Magnetic chair helps against incontinence
If bladder weakness urologists visit
08/22/2013
More than five million Germans are suffering from mild to severe incontinence. Out of shame but only a few talk to a urologist about it. The specialists for kidney, urinary bladder, ureter and urethra often not only treat the bladder weakness in both men and women, but in many cases also cure it. With the magnetic chair, for example, patients have a gentle, if still unknown, method of therapy.
„Anyone who suffers from frequent urination should have this clarified by a urologist. Remains residual urine in the bladder, this bacteria provides an ideal breeding ground and often leads to painful inflammation“, clarifies Reinhold Schaefer, Bonn urologist and medical director of the medical network Uro-GmbH North Rhine. Other possible consequences: Renal failure and permanent incontinence. In order to effectively treat pathological urgency, various measures are used. In addition to drug or surgical therapies pelvic floor training is probably the best known method. A similar principle of action also underlies the magnetic chair therapy: „The magnetic chair generates electromagnetic impulses under the seat, which stimulate nerve cells and thereby trigger short, pulsatile muscle contractions of the pelvic floor muscles“, describes Dr. Schaefer the effect. „In this way - similar to the so-called electrostimulation - passively trained the sphincter of the bladder.“ The external contraction aid is primarily used by urologists for the treatment of lower urinary tract dysfunction, particularly in the treatment of hyperactive bladder symptoms with urge incontinence, stress incontinence or mixed incontinence.
„In contrast to electrotherapy, however, no electrode probe has to be inserted into the vagina or rectum. The patient sits fully clothed on the therapy chair while the urologist individually adjusts the intensity of the electromagnetic impulses“, knows Dr. Shepherd.

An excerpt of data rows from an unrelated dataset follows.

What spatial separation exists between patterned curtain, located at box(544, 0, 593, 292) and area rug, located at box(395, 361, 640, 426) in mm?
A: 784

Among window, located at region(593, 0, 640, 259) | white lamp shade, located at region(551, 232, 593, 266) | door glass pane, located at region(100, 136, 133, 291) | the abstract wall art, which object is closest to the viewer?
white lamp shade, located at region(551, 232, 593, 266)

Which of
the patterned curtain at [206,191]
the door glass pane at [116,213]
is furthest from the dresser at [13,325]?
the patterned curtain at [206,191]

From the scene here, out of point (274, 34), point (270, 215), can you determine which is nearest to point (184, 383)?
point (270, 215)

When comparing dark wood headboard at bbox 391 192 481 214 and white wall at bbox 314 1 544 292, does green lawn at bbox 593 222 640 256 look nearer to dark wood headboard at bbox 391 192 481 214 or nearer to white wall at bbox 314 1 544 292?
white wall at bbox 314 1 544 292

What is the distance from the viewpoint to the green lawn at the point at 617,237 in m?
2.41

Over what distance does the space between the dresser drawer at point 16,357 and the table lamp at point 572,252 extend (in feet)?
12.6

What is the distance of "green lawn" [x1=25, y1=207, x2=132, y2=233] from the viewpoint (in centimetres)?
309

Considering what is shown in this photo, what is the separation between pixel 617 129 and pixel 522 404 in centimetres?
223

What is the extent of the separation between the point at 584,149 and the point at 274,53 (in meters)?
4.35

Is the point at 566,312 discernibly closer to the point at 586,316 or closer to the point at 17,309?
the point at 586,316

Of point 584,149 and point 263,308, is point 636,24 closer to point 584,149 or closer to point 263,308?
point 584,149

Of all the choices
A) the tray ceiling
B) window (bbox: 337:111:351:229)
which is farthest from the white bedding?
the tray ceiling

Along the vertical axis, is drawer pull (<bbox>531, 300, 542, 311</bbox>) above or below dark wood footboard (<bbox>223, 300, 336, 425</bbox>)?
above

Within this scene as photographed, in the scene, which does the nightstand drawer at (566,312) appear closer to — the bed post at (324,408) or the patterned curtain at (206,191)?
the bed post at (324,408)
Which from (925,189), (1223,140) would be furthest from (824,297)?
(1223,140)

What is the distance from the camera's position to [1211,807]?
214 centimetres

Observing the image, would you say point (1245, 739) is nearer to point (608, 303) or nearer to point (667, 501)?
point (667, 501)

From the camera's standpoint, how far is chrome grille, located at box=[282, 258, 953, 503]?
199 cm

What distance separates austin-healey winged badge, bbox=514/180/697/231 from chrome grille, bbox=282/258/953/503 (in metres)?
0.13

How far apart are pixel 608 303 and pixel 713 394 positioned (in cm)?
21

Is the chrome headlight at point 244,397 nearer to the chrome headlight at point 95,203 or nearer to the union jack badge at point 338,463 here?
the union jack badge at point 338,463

Another advantage of pain-free therapy: many sufferers regain a sense of location and flexibility of the pelvic floor, which makes active pelvic floor training possible again. Studies show that about one third of the patients are symptom free after six weeks and that the symptoms improve significantly in another one third. However, the treatment is not suitable for patients with pacemakers or artificial hip joints made of metal. (Pm)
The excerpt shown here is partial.